Apesar de seu marido ser considerado "um inimigo do povo", ela
conseguiu um emprego como professora do ensino médio.
O
pai de Genya havia sido executado antes da guerra, mas a família ficou sabendo
de sua morte muito depois.
Mikhail
(ou Misha) Ulman — assim como Genya — também era de Leningrado. Mas sua família
permanecia unida. Seus pais se mudaram para Chelyabinsk no início da guerra
para trabalhar na fábrica de tratores, que na época fabricava tanques de guerra
em vez de equipamentos agrícolas.
Em
Chelyabinsk, a família de Misha vivia em um pequeno quarto e era obrigada a
dividir o espaço com um estranho.
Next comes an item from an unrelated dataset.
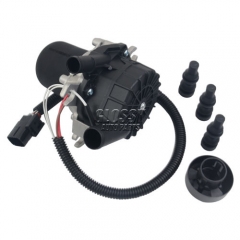 Secondary Air Pump For Toyota Tacoma 2012-2015 Pre Runner X-Runner 6 17610-0W020 176000P040 17600-0P040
A sala era dividida por um varal com um
lençol pendurado.
Os
três meninos frequentaram a mesma escola. Ulman e Gershovich chegaram a ser
colegas de mesa na sala de aula.
Mesmo
com apenas 13 anos, os meninos já liam as obras de Marx, Lenin e Stalin como
parte do currículo escolar. Eles aprenderam com esses livros que aceitar
injustiças era errado.
Eles
também estudaram cuidadosamente a letra da Internacional, um hino do movimento
operário escrito na década de 1870 por um revolucionário francês, que era
entoado por todos que lutavam contra a injustiça social.
A
música serviu como o hino nacional soviético entre 1922 e 1944. Os meninos não
podiam acreditar que a letra — que convocava as massas a se levantarem contra a
desigualdade social — não fosse proibida na União Soviética.
Os
meninos e suas famílias enfrentaram graves dificuldades econômicas, vivendo à
beira da fome com as rações alimentares do pós-guerra.
Havia
uma piada popular na União Soviética sobre a época em que os líderes dos EUA,
Reino Unido e União Soviética — reunidos na Conferência de Yalta em fevereiro
de 1945 perto do fim da guerra — discutiam qual método deveria ser usado para
executar Hitler.
Segundo
a piada, Winston Churchill sugere o enforcamento. Franklin Roosevelt sugere a
cadeira elétrica. E Stalin diz que a maneira mais eficaz seria alimentar Hitler
com rações de comida soviética. Os outros dois concordam que esse seria o
castigo mais cruel.
Mas
nem todos na União Soviética eram obrigados a sobreviver com rações escassas.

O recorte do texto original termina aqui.